# Notifications



## 1adf1 (Jun 15, 2010)

we get notified when we get likes so is there a way so we can get a notification when someone quotes use of reps us just as we do when some1 likes use 

just thinking its a good idea


----------



## Rob68 (Sep 16, 2008)

You pretty confident of getting some reps then?


----------



## Lorian (Apr 9, 2003)

1adf1 said:


> we get notified when we get likes so is there a way so we can get a notification when someone quotes use of reps us just as we do when some1 likes use
> 
> just thinking its a good idea


Sounds good to me.

Post a Poll about it in the Suggestions forum.

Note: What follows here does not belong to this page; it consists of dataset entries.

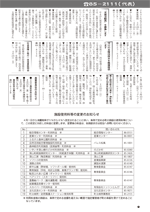 広報しらたかおしらせ版　平成25年3月22日発行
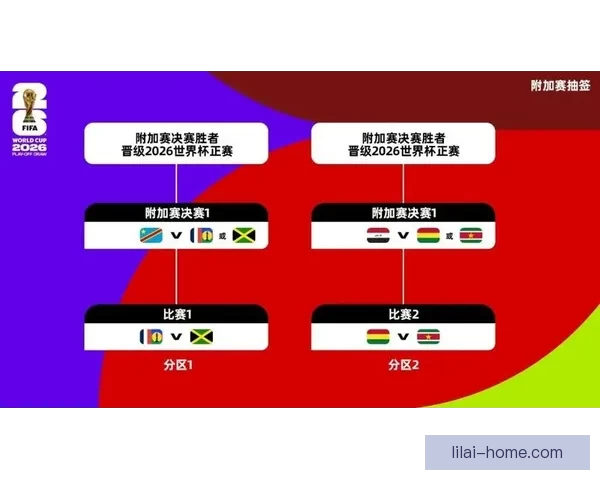 美加墨世界杯预测：分析球队实力及潜力，揭晓冠军之路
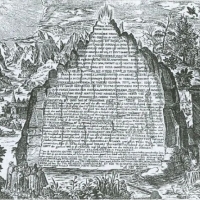 Szmaragdowa Tablica to tekst napisany przez Hermesa Trismegistosa, który dał początek Alchemii.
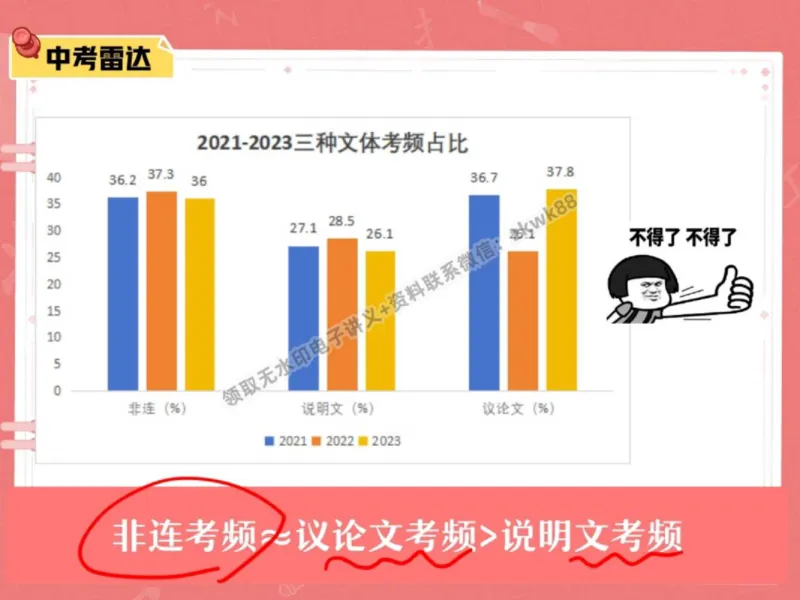 《03.课堂笔记主讲课中笔记_2025初三网课_25初三语文_1.2.2024秋上.A+班初三语文培训班（刘璐）_秋季下-秋季班A+_课堂笔记》第10页预览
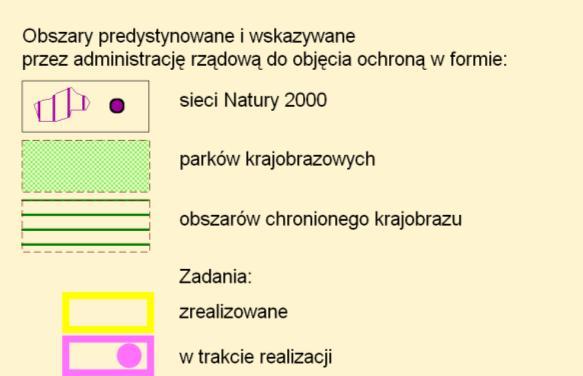 przyrodniczych w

If lots of people like the idea I'll do it.

L


----------



## 1adf1 (Jun 15, 2010)

Lorian said:


> Sounds good to me.
> 
> Post a Poll about it in the Suggestions forum.
> 
> ...


thanks will do


----------



## flinty90 (Jul 1, 2010)

1adf1 said:


> thanks will do


Did this ever get done, as i have also suggested we get notification of reps... i also think we should get notifications of mentions as well

for eg if i mention @lorian you should get a notification telling you

Come on Lorian sort it out mate, no need for a poll you know it will catch on when people start using it X


----------



## Fat (Jan 2, 2010)

The mentions is a good idea but I don't like the quote notification because everyone quotes when they reply to someone in a thread..


----------



## a.notherguy (Nov 17, 2008)

Fat said:


> The mentions is a good idea but I don't like the quote notification because everyone quotes when they reply to someone in a thread..


do they?


----------



## flinty90 (Jul 1, 2010)

Fat said:


> The mentions is a good idea but I don't like the quote notification because everyone quotes when they reply to someone in a thread..


i like the idea of a quote notification mate .. sometimes you miss them if someone has quoted you to ask a further question.. there should be a notification so you can reply to the quote IMO


----------



## C.Hill (Nov 21, 2010)

a.notherguy said:


> do they?


No


----------



## madmuscles (Mar 10, 2011)

Wouldn't it just be a better idea to join the reps/like in one tab?


----------



## a.notherguy (Nov 17, 2008)

C.Hill said:


> No


i thought not


----------



## Fat (Jan 2, 2010)

a.notherguy said:


> do they?


You just quoted me there lol..

You can always bookmark the thread and check later?


----------